En s’imposant la logique raciale compromet l’avenir de la république haïtienne

Néanmoins, le dernier épisode de la révolution haïtienne – le massacre des Blancs en 1804 – ne donne-t-il pas tort à James ? La question des races, la solidarité raciale, n’a-t-elle pas alors pris le pas sur la logique des classes ?

La logique raciale finit en effet par s’imposer. Au début de la révolution, les esclaves luttaient contre un ordre économique déterminé : « L’hostilité des travailleurs noirs envers les Blancs […] était uniquement dirigée contre l’esclavage »[6]. Quelques années plus tard, la révolution s’achève par le massacre des Blancs de l’île : l’ennemi n’était plus l’esclavagiste, mais le Blanc quel qu’il soit. L’objectif de la construction d’un ordre économique alternatif, qui demandait de s’appuyer sur les compétences des anciens maîtres pour faire fonctionner l’économie sucrière, fut perdu de vue. La guerre des races aux yeux de James a compromis le développement de l’île. La population « vit ses difficultés multipliées par ces massacres »[7].

Comment expliquer cette irruption de la logique des races au terme de la révolution ? La faute en incombe en partie à Toussaint Louverture lui-même. Lisant la situation avec une grille d’analyse de classe, il aurait négligé le « facteur racial ». Il n’était pas question d’en faire un « facteur fondamental », mais seulement d’avoir conscience du ressentiment des anciens esclaves à l’égard des anciens maîtres qui pouvait aisément se laisser comprendre en termes raciaux. « Alors que Lénine instruisait minutieusement le Parti et les masses de chacune de ses démarches, qu’il expliquait soigneusement la situation exacte des serviteurs bourgeois de l’État ouvrier, Toussaint, au contraire, n’expliquait rien, autorisant ainsi ses partisans à supposer qu’on favorisait leurs anciens ennemis à leurs dépens. En laissant peser sur lui la suspicion de prendre parti pour les Blancs contre les Noirs, Toussaint commit un crime impardonnable aux yeux d’une communauté où les Blancs avaient fait tant de mal. C’était beaucoup déjà que de leur rendre leurs biens. Leur accorder des privilèges, voilà ce qui dépassait la mesure »[8].

Mais la responsabilité principale de la guerre des races revient aux rivalités inter-impérialistes européennes qui n’obéissaient, au grand désespoir de Stoddard, à aucune logique raciale. « Les Britanniques et les Américains, eux-mêmes les plus importants propriétaires d’esclaves au monde, se réjouissent de la victoire des Noirs, qui a pour conséquence de chasser les Français du territoire. […] Cathcart, un agent anglais à Saint-Domingue, dit à Dessalines que les Britanniques ne feront plus de commerce avec lui et ne lui accorderont pas non plus leur protection, à moins que chaque Français soit tué »[9]. La guerre des races fut le résultat d’une politique au service d’intérêts nationaux et d’intérêts économiques.

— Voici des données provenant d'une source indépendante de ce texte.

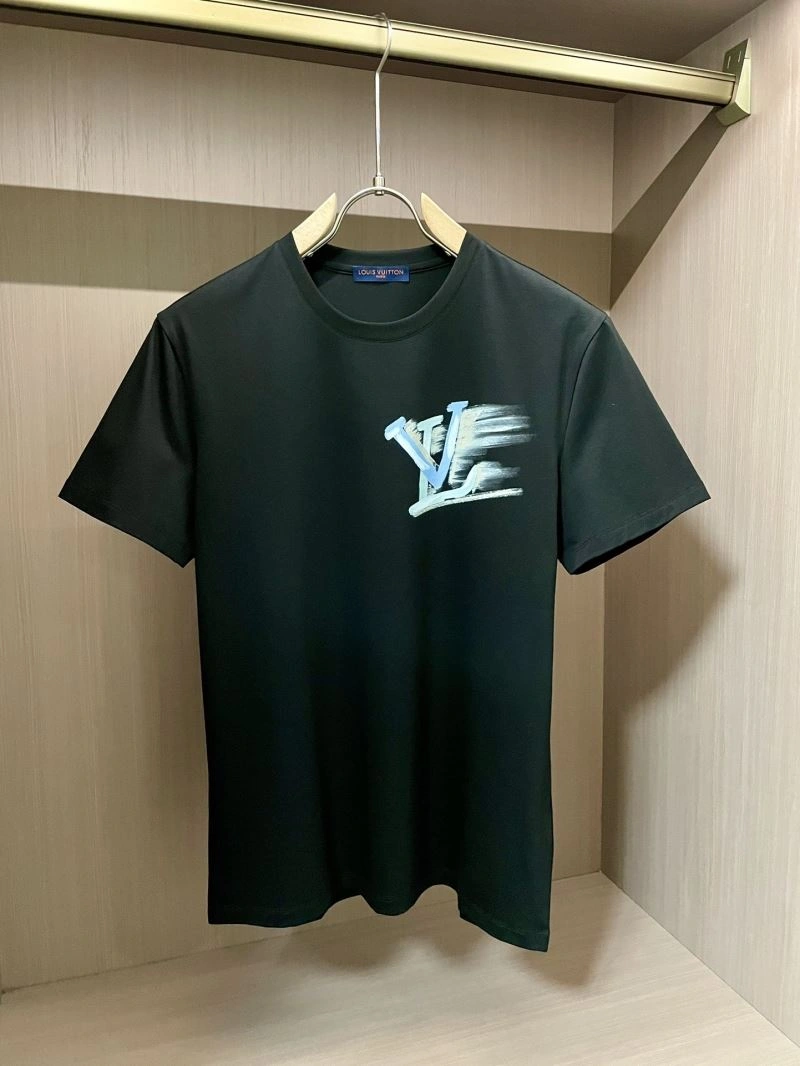 WellDesigned Louis Vuitton T-Shirts 132450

On voit alors se dessiner le schéma d’analyse de James. La solidarité de classe a joué le plus souvent au cours de la révolution des esclaves. Lorsqu’elles suivaient cette solidarité, les fractions de classes en présence agissaient en fonction de leurs intérêts. Le dépassement du « préjugé racial » au sein de la classe dominante était la réponse la plus rationnelle au défi constitué par le soulèvement des esclaves et par l’abolitionnisme. L’oubli de la solidarité de classe affaiblissait à l’inverse les classes en présence. La division raciste au sein de la classe dominante a paralysé un temps l’action coordonnée de toute la classe, menaçant sa propriété. Le passage à la guerre des races parmi les esclaves, si elle n’a pas empêché la victoire et l’indépendance, a contribué à la ruine de l’île, à son isolement et à sa future dépendance[10]. En versant dans la vengeance, en oubliant la question des classes, l’action des anciens esclaves ne relevait plus, aux yeux de James, de la politique.

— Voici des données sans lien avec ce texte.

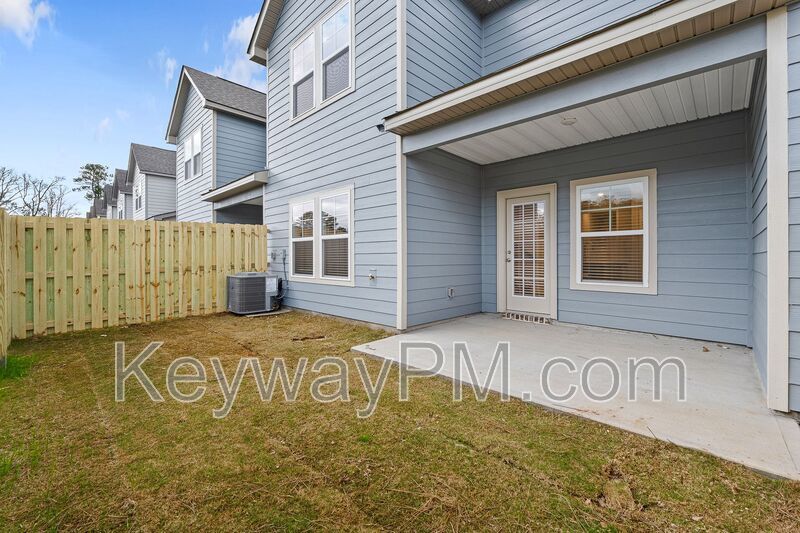 527 Yuma Lane- Village Square property image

On peut tirer deux leçons de cette analyse de la révolution de Saint-Domingue.

La première leçon concerne l’historien : la logique des classes ne suffit pas à expliquer toute la logique des événements. La question des races, la solidarité raciale, le racisme, jouent un rôle dans l’histoire, et passent parfois au premier plan, devenant momentanément moteur de l’histoire. La conscience de classe est alors éclipsée, symptôme des difficultés d’une classe qui ne parvient à surmonter ses divisions et à saisir son intérêt à long terme.

La seconde leçon concerne le leader politique (anticolonialiste). S’il doit tenir compte de la « question des races », notamment du ressentiment de l’ancien esclave ou de l’ancien colonisé, il doit veiller à ce que cette question ne relègue pas au second plan la question des classes. Lorsque la question des races occupe le devant de la scène, en effet, les groupes en lutte perdent de vue leurs intérêts. Ils s’exposent à la défaite au cours de la lutte. Ils risquent, en cas de victoire, d’oublier la question centrale de la construction d’un ordre économique nouveau sans lequel la victoire politique contre le colonisateur ne peut se transformer en indépendance véritable.

La dernière biographie de Toussaint Louverture publiée en 2020 par Sudhir Hazareesingh affirme que le livre de James demeure aujourd’hui encore « le texte de référence en anglais »[11] sur la Révolution haïtienne. Quoiqu’on pense des analyses de C.L.R. James, il est évident qu’elles constituent un modèle de mise en lumière de la richesse du réel qui n’a rien à envier aux éloges contemporains de la complexité.

Pour aller plus loin :

[1]  C. L. R. James, Les Jacobins noirs. Toussaint Louverture et la révolution de Saint-Domingue, Paris, éditions Amsterdam, 2017, page 167.

[2] Ibid., page 322.

[3] Ibid., page 89.

[4] Ibid., page 171.

[5] Aimé Césaire, Toussaint Louverture. La révolution française et le problème colonial, Présence africaine, 1981, page 226.

[6] C. L. R. James, Les Jacobins noirs. Toussaint Louverture et la révolution de Saint-Domingue, Paris, éditions Amsterdam, 2017, page 215.

[7] Ibid., page 407.

[8] Ibid., page 323.

[9] C. L. R. James, Histoire des révoltes panafricaines, Paris, Amsterdam, 2018, page 31.

[10] C. L. R. James, Les Jacobins noirs. Toussaint Louverture et la révolution de Saint-Domingue, Paris, éditions Amsterdam, 2017, page 407.

[11] Sudhir Hazareesingh, Toussaint Louverture, Paris, Flammarion, 2020, page 18.